SoundDragListener, SoundKeyboardDragListener, and SoundRichDragListener (from scenerystack/scenery-phet) are subclasses of scenery's DragListener, KeyboardDragListener, and RichDragListener respectively — same constructor options, same drag behavior — that additionally play a grab sound when the drag starts and a release sound when it ends.
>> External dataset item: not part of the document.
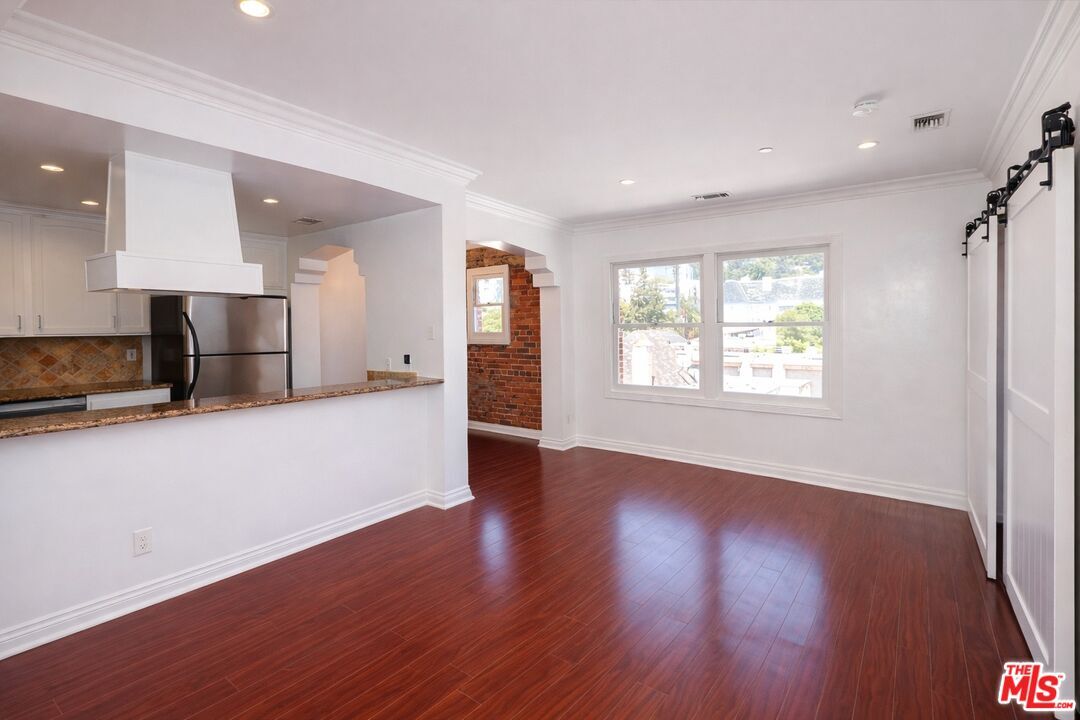 Property Photo:  1236 N Flores St  CA 90069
Most PhET sims should reach for these instead of the plain scenery listeners by default: dragging is one of the most common interactions in a sim, and the shared grab/release sound pair is part of the standard PhET sound-design vocabulary (see Sound Design).

ts
import { SoundRichDragListener } from 'scenerystack/scenery-phet';
import { Node } from 'scenerystack/scenery';

const ballNode = new Node( { tagName: 'div', focusable: true, cursor: 'pointer' } );

// Same options as RichDragListener, plus sound.
ballNode.addInputListener( new SoundRichDragListener( {
  positionProperty: ball.positionProperty,
  transform: modelViewTransform,
  dragBoundsProperty: model.dragBoundsProperty
} ) );

Shared sound options

All three add the same RichDragListenerSoundOptions on top of their base listener's options:

OptionDefaultEffect
grabSoundPlayerthe shared 'grab' sound (sharedSoundPlayers.get( 'grab' ))Played when the drag begins; pass null for no sound
releaseSoundPlayerthe shared 'release' soundPlayed when the drag ends normally; not played if the listener was interrupted

SoundRichDragListener additionally accepts dragListenerSoundOptions and keyboardDragListenerSoundOptions — nested overrides so its internal pointer and keyboard listeners can use different sounds than each other, falling back to the top-level grabSoundPlayer/releaseSoundPlayer when omitted.

ts
import { SoundRichDragListener } from 'scenerystack/scenery-phet';
import sharedSoundPlayers from 'scenerystack/tambo';

new SoundRichDragListener( {
  positionProperty: ball.positionProperty,
  transform: modelViewTransform,

  // Applies to both the pointer and keyboard listener unless overridden below.
  grabSoundPlayer: sharedSoundPlayers.get( 'grab' ),

  // Keyboard-only override, e.g. a distinct sound for keyboard grabs.
  keyboardDragListenerSoundOptions: {
    grabSoundPlayer: myCustomKeyboardGrabSound
  }
} );

Which one to use

Pick based on which input modality you need, exactly as with the plain scenery listeners:

TypeExtendsUse when
SoundDragListenerDragListenerPointer-only dragging with sound
SoundKeyboardDragListenerKeyboardDragListenerKeyboard-only dragging with sound
SoundRichDragListenerRichDragListenerBoth pointer and keyboard on one Node — the common case for a fully accessible draggable object

These are drop-in replacements, not a separate API to learn

Because each type only adds sound on top of its base class, anywhere scenery's DragListener/KeyboardDragListener/RichDragListener is documented (positioning via positionProperty/transform, dragBoundsProperty, start/end callbacks, keyboardDragListenerOptions/dragListenerOptions namespacing on the Rich variant) applies unchanged here — the only new surface is the sound options above.